Grace Kelly, en aquel periodo de amor naciente, rodó películas premonitorias de ese final de historia: El cisne, en el que daba vida a una Princesa; o Alta sociedad, su último título antes de dedicarse de lleno a ser Gracia de Mónaco, la Princesa de un pequeño reino europeo, reclamo fundamental para los más chic del momento. La boda, una de las más magníficas de los años cincuenta, tuvo lugar el 18 de abril de 1956. Bajo el nombre de Alteza Serenísima Gracia de Mónaco, la ex actriz y su flamante Príncipe se embarcaron en la aventura de hacer de Mónaco un reino soñado.
En 1957, nació la primera hija de la pareja.
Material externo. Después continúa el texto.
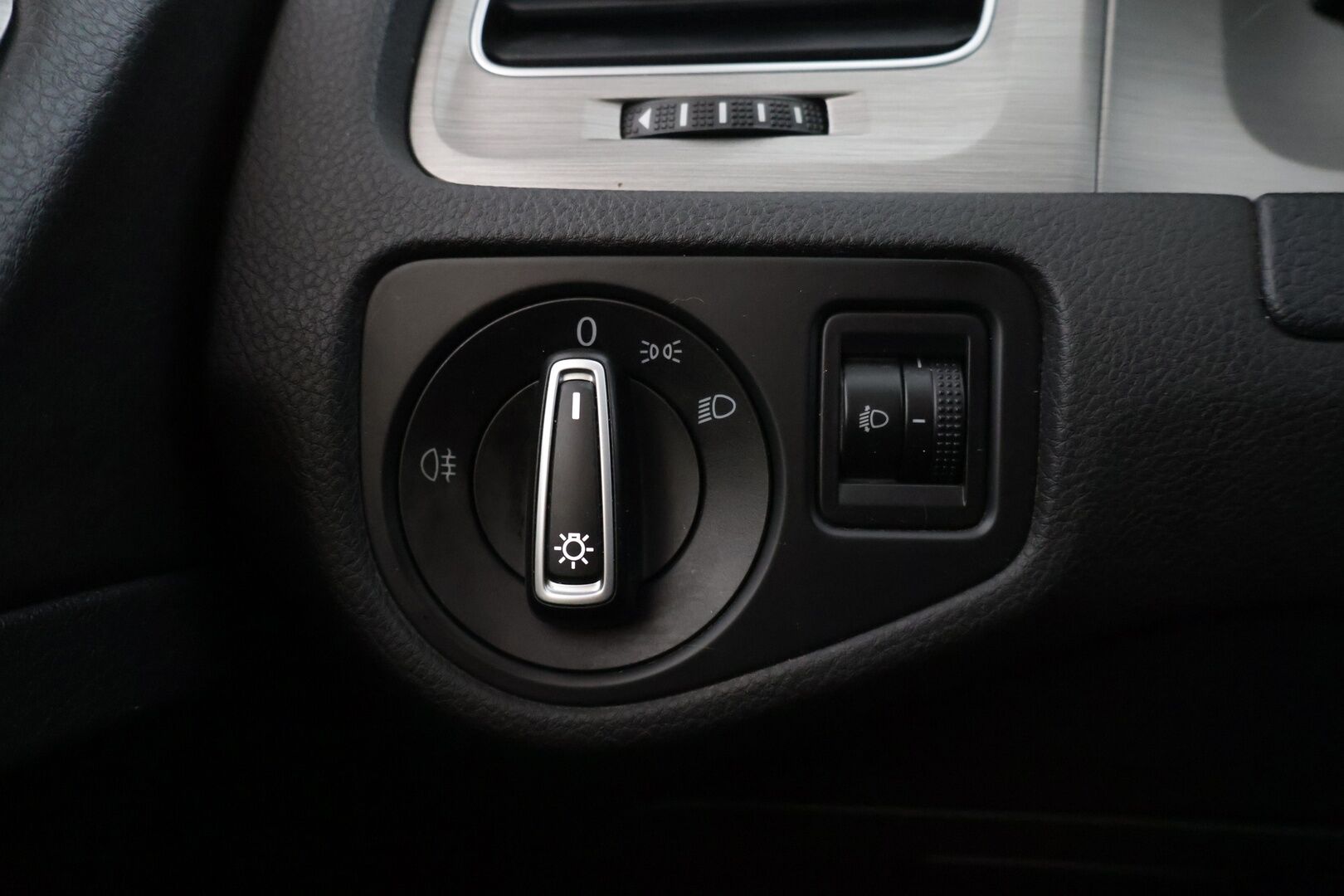 Volkswagen Golf 2014 Variant Comfortline 1,4 TSI 90 kW (122 hv) BlueMotion Technology - * Auto myydään Huutokaupat.com * - * Suomiauto / Lohkolämmitin / Vetokoukku / 2x alut *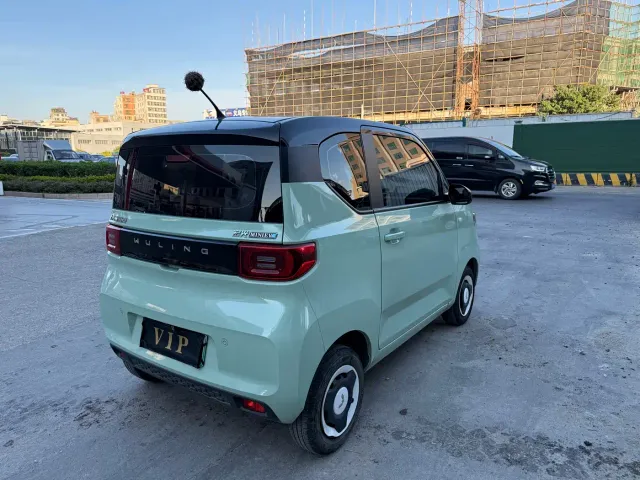 Wuling Hongguang Mini EV — Фото автомобиля 11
Se la bautizó como Carolina Luisa Margarita. Un año más tarde, Raniero de Mónaco vio cómo un varón, Alberto, venía a dar continuidad a los Grimaldi. Aún así, y conocedor de una revuelta historia de su dinastía por la sucesión, optó por una medida revolucionaria: promulgar una nueva Constitución que aclarara todo lo relativo a la sucesión. El Texto, firmado por el Príncipe el 17 de diciembre de 1962, convirtió a Mónaco en una Monarquía hereditaria y constitucional.
Mientras Mónaco se iba empleando a fondo para ser tenida en cuenta en los distintos foros internacionales, la familia Grimaldi iba creciendo. En 1965 nació la más pequeña de las hijas de Raniero y Gracia, la princesa Estefanía.
El esplendor se iba haciendo tangible. Mónaco, mediados los años sesenta, ya era sin duda una plaza fuerte de lujo, negocios y finanzas. Sus casinos, su pasión por el circo, su glamour de bailes a la vieja usanza, con toques modernos llegados de Estados Unidos. Pero no todo podía ser propio de un cuento de hadas.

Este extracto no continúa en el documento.